_Data provided_.
_ _ _ _ _ _ _
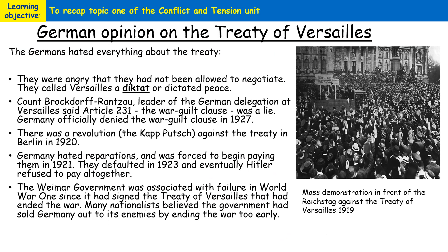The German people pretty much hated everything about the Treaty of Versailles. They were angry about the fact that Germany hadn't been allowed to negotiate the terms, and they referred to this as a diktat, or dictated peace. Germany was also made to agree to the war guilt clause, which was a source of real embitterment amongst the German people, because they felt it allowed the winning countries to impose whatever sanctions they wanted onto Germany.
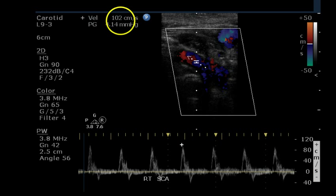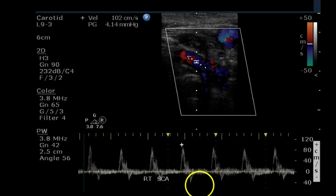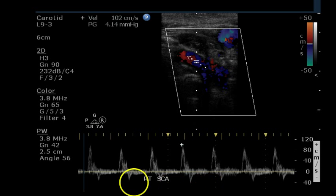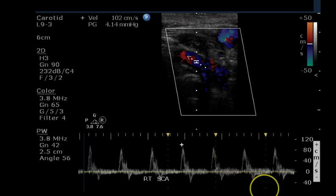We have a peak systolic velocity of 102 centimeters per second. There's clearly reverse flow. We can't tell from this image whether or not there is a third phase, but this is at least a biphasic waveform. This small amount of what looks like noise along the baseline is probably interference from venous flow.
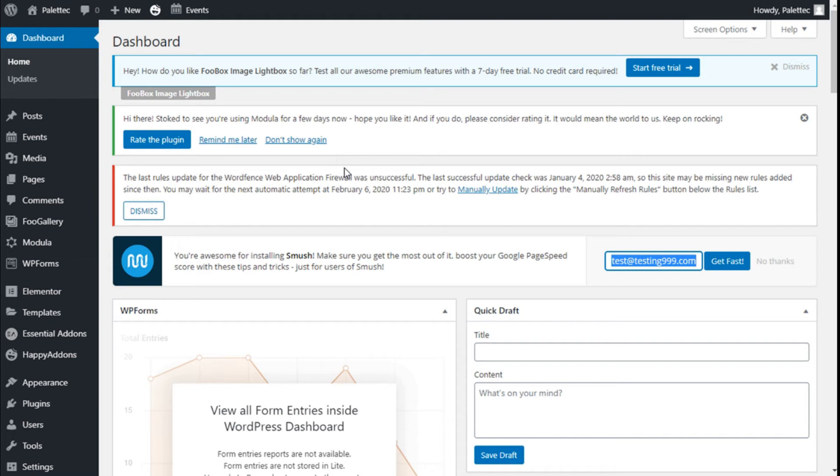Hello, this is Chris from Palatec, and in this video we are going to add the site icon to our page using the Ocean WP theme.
_ _ _ _ _ _ _
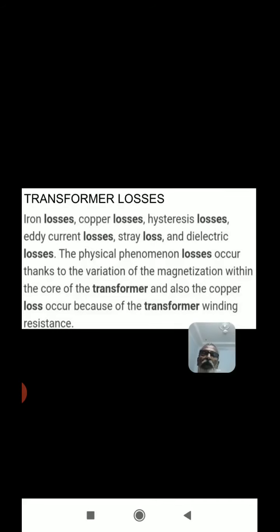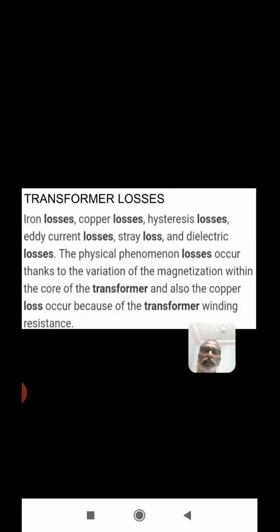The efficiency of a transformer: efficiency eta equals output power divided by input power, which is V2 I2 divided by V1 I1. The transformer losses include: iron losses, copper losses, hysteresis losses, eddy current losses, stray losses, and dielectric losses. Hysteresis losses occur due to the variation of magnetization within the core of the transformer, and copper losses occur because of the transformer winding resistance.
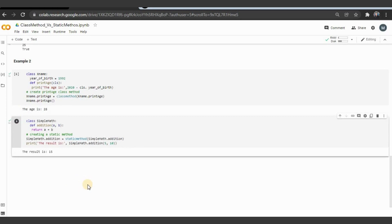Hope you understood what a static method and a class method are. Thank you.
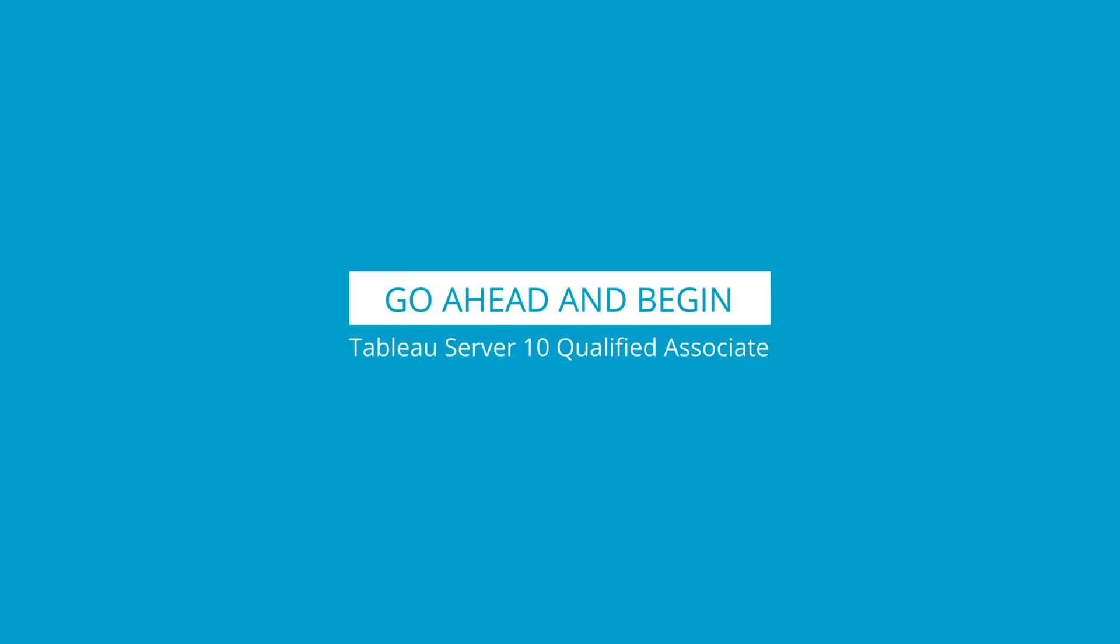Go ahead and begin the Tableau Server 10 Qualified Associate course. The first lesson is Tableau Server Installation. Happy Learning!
_ _ _ _ _ _ _
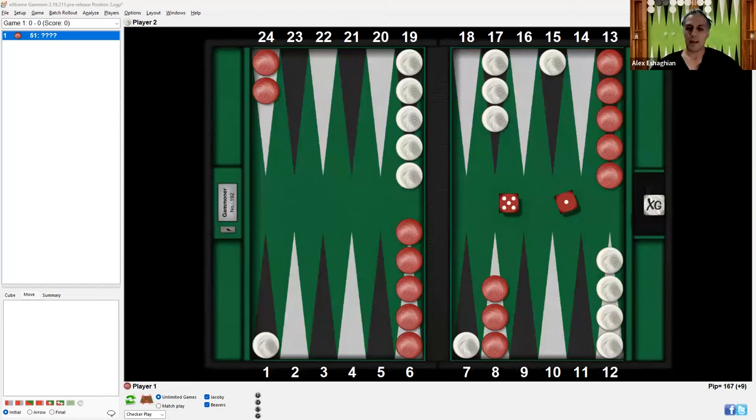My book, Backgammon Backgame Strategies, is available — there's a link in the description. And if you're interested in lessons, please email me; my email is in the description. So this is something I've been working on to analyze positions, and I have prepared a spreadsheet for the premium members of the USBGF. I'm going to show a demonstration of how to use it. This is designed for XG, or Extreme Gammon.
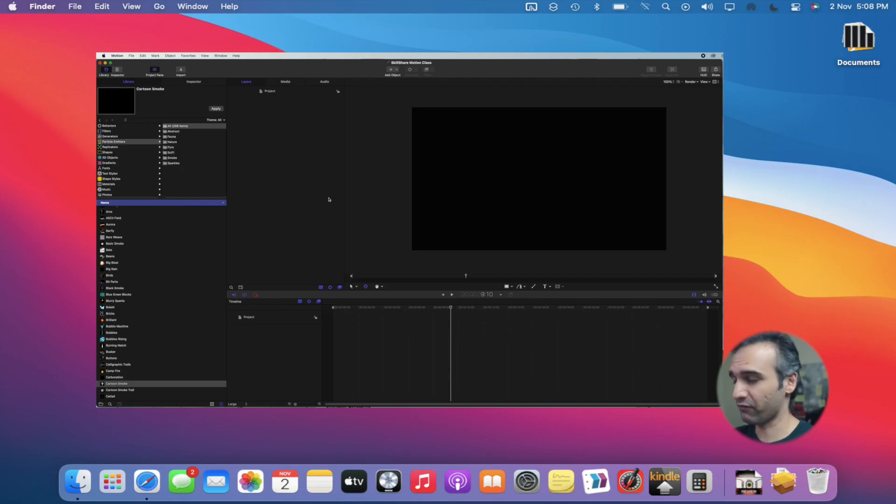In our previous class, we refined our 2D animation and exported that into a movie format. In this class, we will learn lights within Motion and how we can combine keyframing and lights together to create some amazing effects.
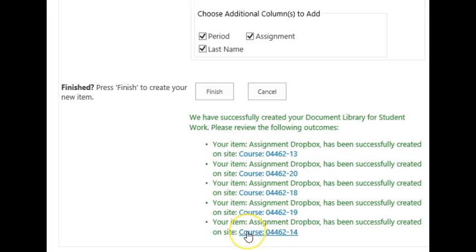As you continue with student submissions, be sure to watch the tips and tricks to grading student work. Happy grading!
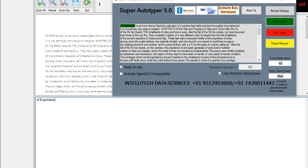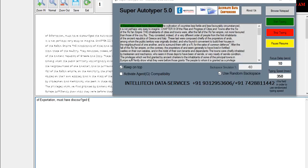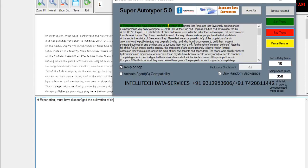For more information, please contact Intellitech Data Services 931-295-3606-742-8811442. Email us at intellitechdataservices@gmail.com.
_ _ _ _ _ _ _
_Your task_. Copy out exactly the lines above beginning with the line that contains "The German people pretty" and finishing with the line that contains "Hello, this is", including both; leave the pictures out.

_Your response_.
The German people pretty much hated everything about the Treaty of Versailles. They were angry about the fact that Germany hadn't been allowed to negotiate the terms, and they referred to this as a diktat, or dictated peace. Germany was also made to agree to the war guilt clause, which was a source of real embitterment amongst the German people, because they felt it allowed the winning countries to impose whatever sanctions they wanted onto Germany.
We have a peak systolic velocity of 102 centimeters per second. There's clearly reverse flow. We can't tell from this image whether or not there is a third phase, but this is at least a biphasic waveform. This small amount of what looks like noise along the baseline is probably interference from venous flow.
Hello, this is Chris from Palatec, and in this video we are going to add the site icon to our page using the Ocean WP theme.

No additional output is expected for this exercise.